During the 1980's in the U.S., alternative music continued to be a strong voice of protest against President Ronald Reagan and his policies. Perhaps the catchiest song to poke fun of the Reagan's came from the Blue Riddim Band, an American reggae band, who wrote and recorded the satirical track 'Nancy Reagan' about the President's wife. With brilliant lyrics including, "All my clothes are from the best designers/All my china is a perfect match', the song is a fantastic piece of Studio One inspired bass, drums and brass that may be one of the most overlooked reggae rhythms ever recorded. It used humor to make a cutting political statement about where the First Lady's (and our country's) misguided priorities lay during the 1980's.

More significantly, this all-white band hailing from Kansas City, Missouri have the distinction of being the very first American reggae band to be invited to play at Reggae Sunsplash. Their blazing set of ska and reggae covers and originals as dawn was rising over Jarrett Park on August 15, 1982 is legendary. They earned two encores from the crowd of 20,000 Jamaicans who were mesmerized by their 'blue eyed reggae.' Their Sunsplash performance was recorded for the LP 'Alive In Jamaica' released in 1984 which was nominated for a Grammy for best reggae album in 1985. The record's highlight is a blistering live version of 'Nancy Reagan'(see video below).

According to noted Reggae music author, historian, DJ and commentator Carter Van Pelt, few groups have played reggae outside Jamaica as convincingly as the Blue Riddim Band. The group coalesced as Rhythm Function in the mid-70s under the guidance of multi-instrumentalist and composer Bob Zohn and percussionist Steve "Duck" McLane. The group earned a reputation skillfully playing soul and R&B at clubs in the South and Northeast of the U.S. The original line-up included McLane (drums, bass, percussion & vocals), Zohn (guitar, drums & lead vocals), Andy Myers (bass & trombone), Scott Korchak (trumpet & lead vocals), Pat Pearce (keyboards, percussion & vocals), Jack Blackett (saxophone), and Howard Yukon (guitar, percussion & vocals.

So what was the band like live? According to Gavin B. who was at the 1982 Sunsplash performance, "I was operating the video camera that was doing the pan shots of the crowd in this video and I was stunned at the enthusiastic reaction of the mostly all Jamaican crowd. Look closely at the crowd shots and you'll see an ecstatic Winston Rodney (aka Burning Spear) skanking away to the music. He was good friends with the band and was largely responsible for getting BRB as performers at Sunsplash." The band were voted co-'Best Band' of the entire Sunsplash festival. According to McLane, they were surprised by the reaction they received, "It blew me away that we blew them away. I was expecting pineapples and cantaloupes thrown at us. We're playing these old songs, and we're also from America, and we're also white. It's five o'clock in the morning, and they're going, 'What in the ... ?'"

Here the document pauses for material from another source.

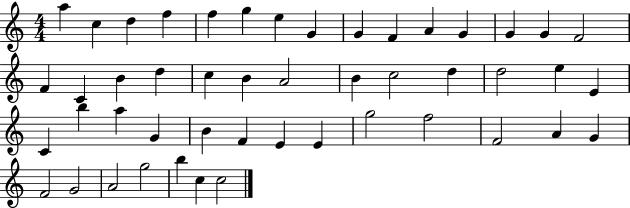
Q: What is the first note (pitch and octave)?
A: A5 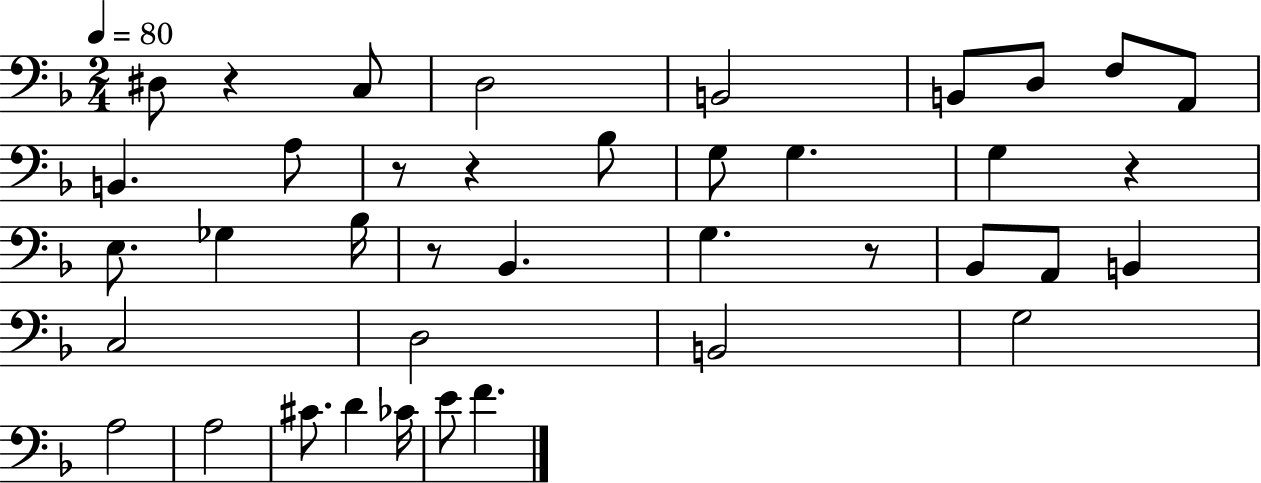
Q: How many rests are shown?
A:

The 'Nancy Reagan' track soon became the band's calling card and it inspired a young fan of the band living in California to showcase the track and Blue Riddim Band further. Roberto was known to Southern California reggae fans as host of a weekly reggae radio program. He envisioned creating a protest song that would be critical of the ongoing Cold War between the U.S. and the Soviet Union and his view that it was being perpetuated by Reagan. Calling in a few favors, he was able to land the help of reggae enthusiast David Lindley, who mixed the "Nancy Reagan Re-Election Remix" side, and of Ranking Roger, who featured on "America & Russia/Selective Service System" and a free-style toast over the basic 'Nancy Reagan' track.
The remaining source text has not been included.